Weeks later, upon checking my Blackberry there was a message from the Registrar’s Office asking me to contact them.  The first thought that came to my head was “why does the Registrar want to speak to me?”  Long story short, I was accepted into the program.  Within weeks, I went from planning a vacation to Martha’s Vineyard to finding the quiet room in my local library

What has surprised me the most this semester is the immeasurable support that I have received from my family, friends, workplace, and the university.  Everyone has rallied around me to offer their support, guidance, and love.  Likewise, one of the things that surprised me about myself has been my tenacity.  I have always had a can do spirit, but I have to admit I was very nervous about the whole graduate school “thing” especially- Social Media.

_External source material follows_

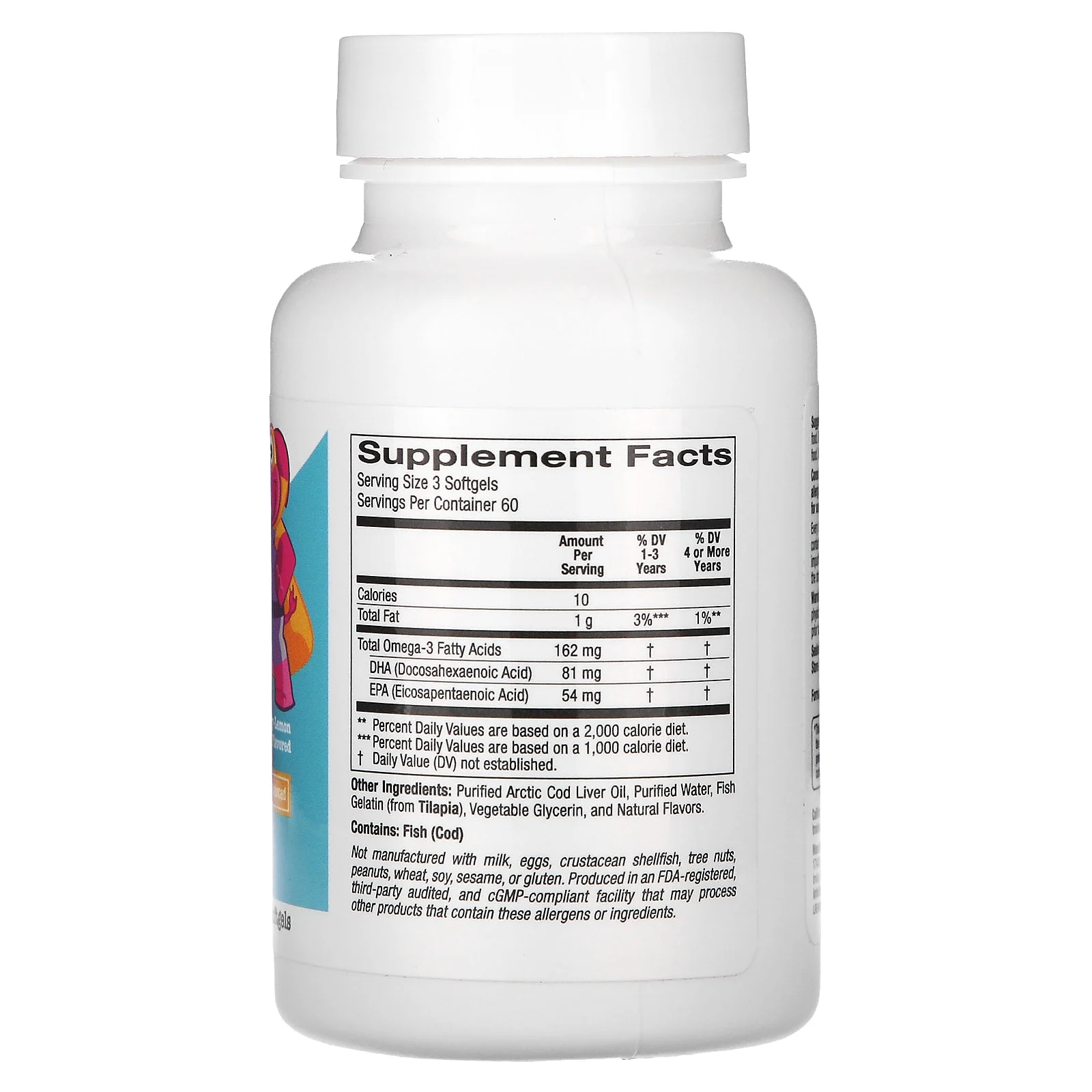 California Gold Nutrition, жевательная добавка с ДГК для детей, 100% дикая арктическая треска, со вкусом клубники и лимона, 180 капсул из рыбьего желатина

I’m not a techie type.  Technology has ever really been my thing outside of the workplace.  There have been several times when I’ve pinched myself in class just as remind myself that my contribution, my thoughts, etc. were just as valuable as the next students, even if I didn’t quite understand the subject matter. 

Early in the semester, I dropped one of my courses because I wasn’t sure if I could handle a full-time job and graduate school.  I thought it was better to take one course, and give myself a chance to become acclimated to school lieu of taking two courses and drowning.  In the end, I’m glad that I selected Social Media (not because you guys are reading this post), but because I believe it has redefined and broadened my scope of being.

As a result, I have seen my productivity increase at work and school. The tools that I use to communicate have definitely changed for the better; and I believe my overall thought process is much broader than it was 8 weeks ago. 

P.S., I publish a weekly blog.  Who could have ever known?